*TASK OBJECTIVE*. Could you repeat all of the entries below word for word, apart from the pictures?

START GIVEN DATA

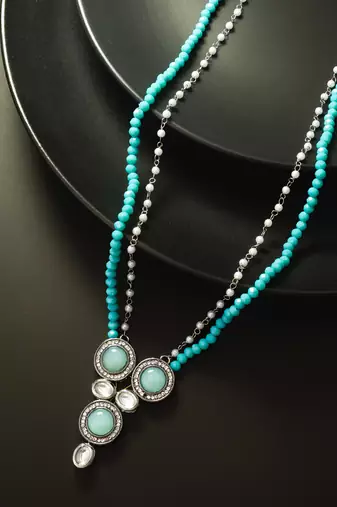 teal crystal double strand necklace
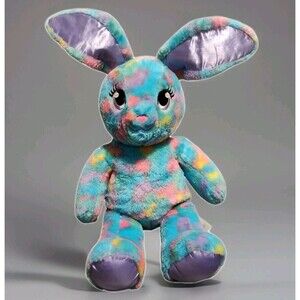Build A Bear BaB Bunny Tie Dye Teal Purple Pink Big Ears Rabbit - Clean No Smoke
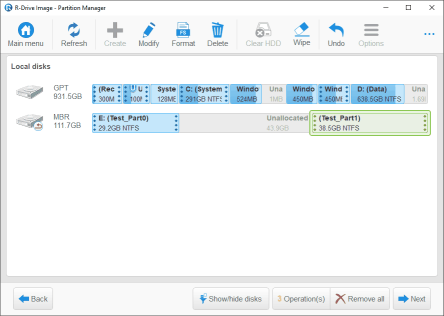 Nueva partición (Test_Part1) en el lado derecho del diagrama del disco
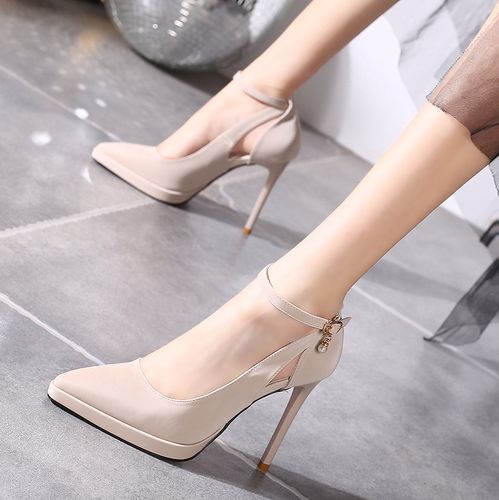 尖头高跟鞋细跟防水台浅口2022新款一字性感镂空单鞋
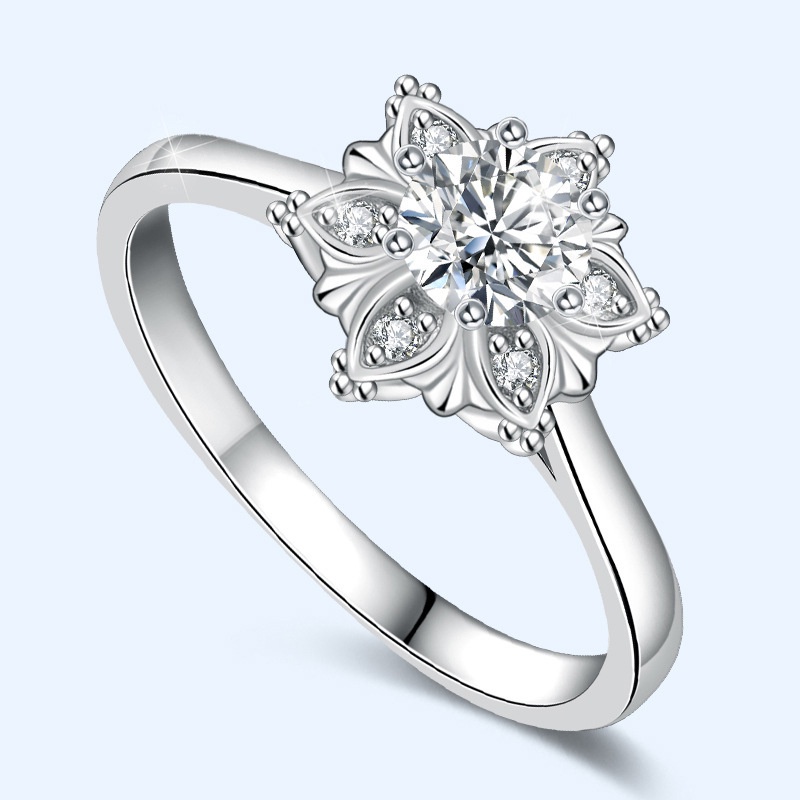 Goldkingdom Aksesoris Perhiasan Fashion Ready Stock Lumut Berlian Cincin Terbuka Carat Sun Flower Ring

END GIVEN DATA

*EXERCISE ANSWER*.
 teal crystal double strand necklace
Build A Bear BaB Bunny Tie Dye Teal Purple Pink Big Ears Rabbit - Clean No Smoke
 Nueva partición (Test_Part1) en el lado derecho del diagrama del disco
 尖头高跟鞋细跟防水台浅口2022新款一字性感镂空单鞋
 Goldkingdom Aksesoris Perhiasan Fashion Ready Stock Lumut Berlian Cincin Terbuka Carat Sun Flower Ring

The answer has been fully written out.